I run a small business, but I'm already way worse off because everything I import costs a fuck-ton more and I can't afford to just bump prices up accordingly when my larger competitors already have huge warehouses of stock and have the power of scale to have negotiated pricing agreements. All the OMG RED TAPE that supposedly comes from Brussels is a myth, and what few anti-small-business legislation exists is hardly likely to be removed by the prevent government, whose ear is deaf to all but the largest enterprises.
Just as a counterpoint, as someone who also runs small businesses, but in my case tech-based ones that import very little but export information products and services, I have almost exactly the opposite experience.
The pound had been propped up for a long time and a lot of economists were saying it was overvalued long before Brexit was on the radar. Dropping it back to a more realistic level has already caused a big boost for our sales to customers over in continental Europe and beyond. It's dropped further than the necessary correction because of Brexit, but pinning the entire drop on that is unrealistic.
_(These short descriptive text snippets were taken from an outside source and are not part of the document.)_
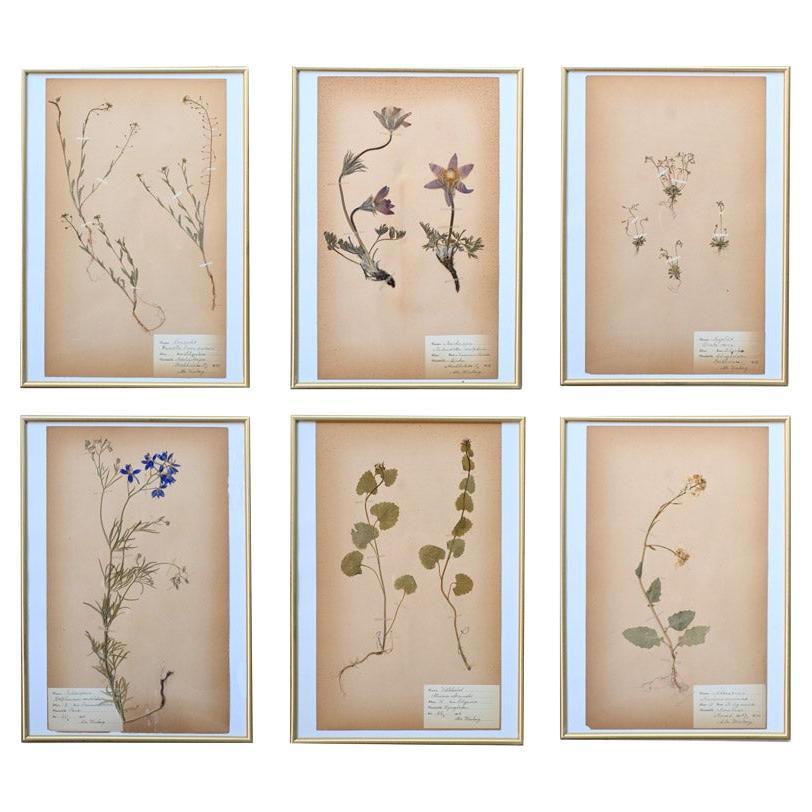 Six early 20th Century pressed botanic samples signed and dated 1906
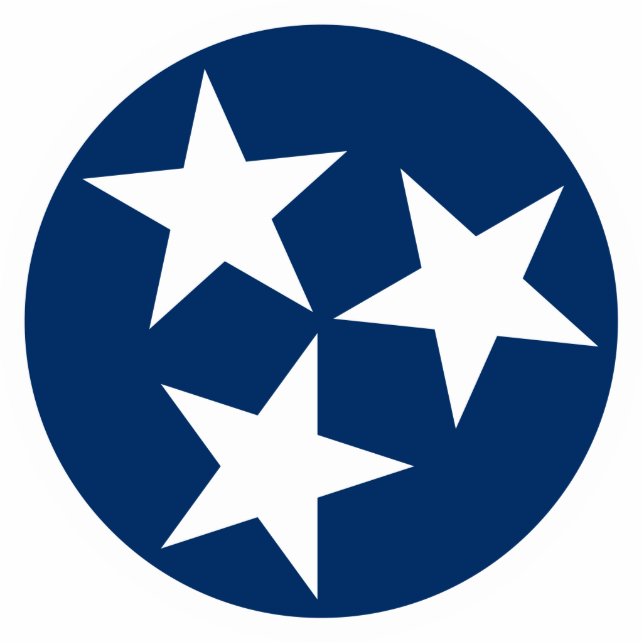 Photo Sculpture Drapeau d'état du Tennessee Bleu Blancs étoiles (Devant)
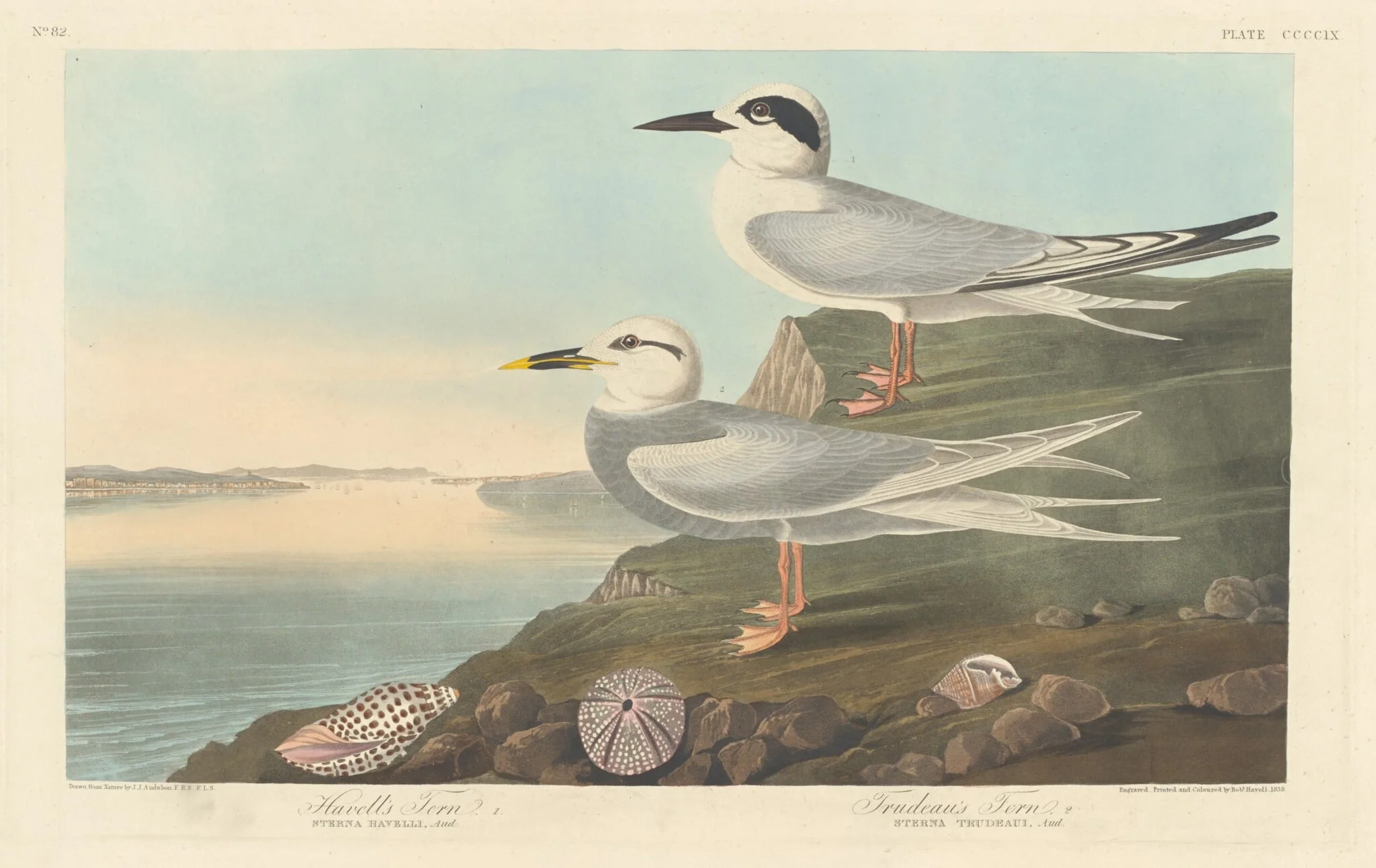Havell's Tern and Trudeau's Tern, by Robert Havell Jr., ink, 1838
As for that EU red tape, it has been a significant burden on several occasions over the past few years, from consumer "protection" rules that don't really protect anyone but have substantial compliance costs through to the whole VAT mess where the EU seems to have done exactly the opposite of what it's supposed to do by making us suddenly have to deal with 28 different systems instead of one.
EU membership has its pros and cons, but in this specific area, it's very clearly not an advantage.